Now is the time to fight for these socialist principles—not just to keep them on pieces of paper collecting dust in party offices, but as real policies as a solution to the economic crisis. In the face of the greatest economic collapse in history, even the bourgeois press has wondered how it is that the working class has not turned to the NDP. Given the lack of socialist policies, the lack of a socialist alternative to capitalism, the lack of a clear lead, it is no small wonder.

A merger between the Liberals and the NDP is, more than likely, not in the works any time soon. But, we know what the leadership of the NDP is discussing, and what it has discussed renouncing. We also know that there will be plenty of talk and pressure in the lead up to the next election from the NDP bureaucracy for some sort of deal or coalition with the Liberals.

We must fight against any deal with the Liberals, which will mean a deal with Bay Street and the selling out of the working class down the road of cutbacks, privatizations, job losses, wage cuts, and attacks on public services and living conditions.

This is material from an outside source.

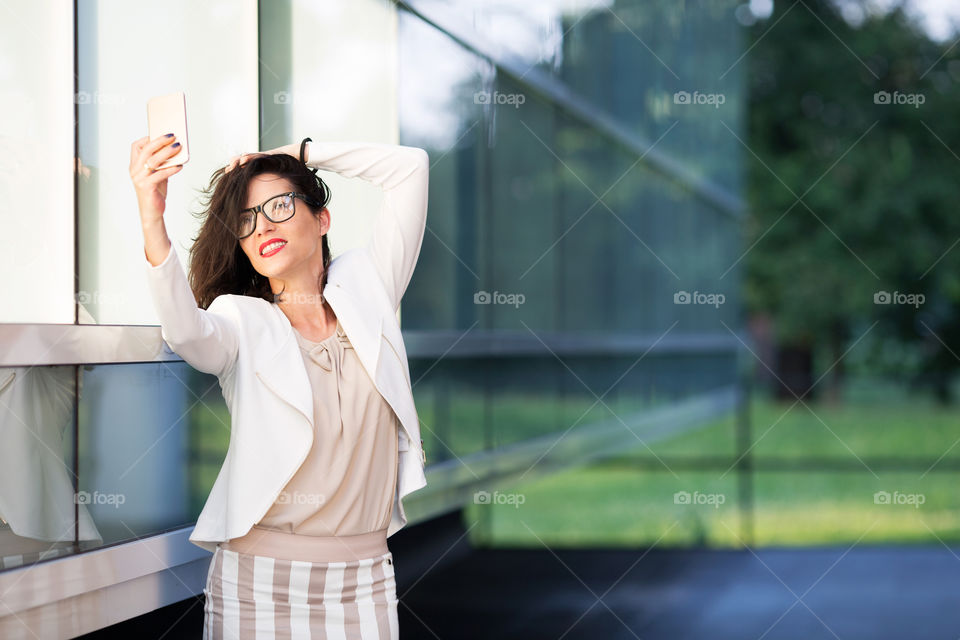 Satisfied pretty woman taking selfies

When the working class moves and the ranks of the NDP and unions swell, it will select the leadership best suited to its needs. The NDP must take its place as the political voice of the working class fight for socialism. The workers must reclaim the heart and soul of the party—the policies of socialism and economic planning. This will be the only way to fight the misery of capitalism.

All socialists in the NDP and unions must form a strong opposition to any deals with the Liberals. We must build an NDP that will fight for the socialist alternative to capitalism. We call upon all socialists, radical youth, and union militants to join Fightback in the struggle for a socialist NDP, for a socialist alternative to the misery of capitalism.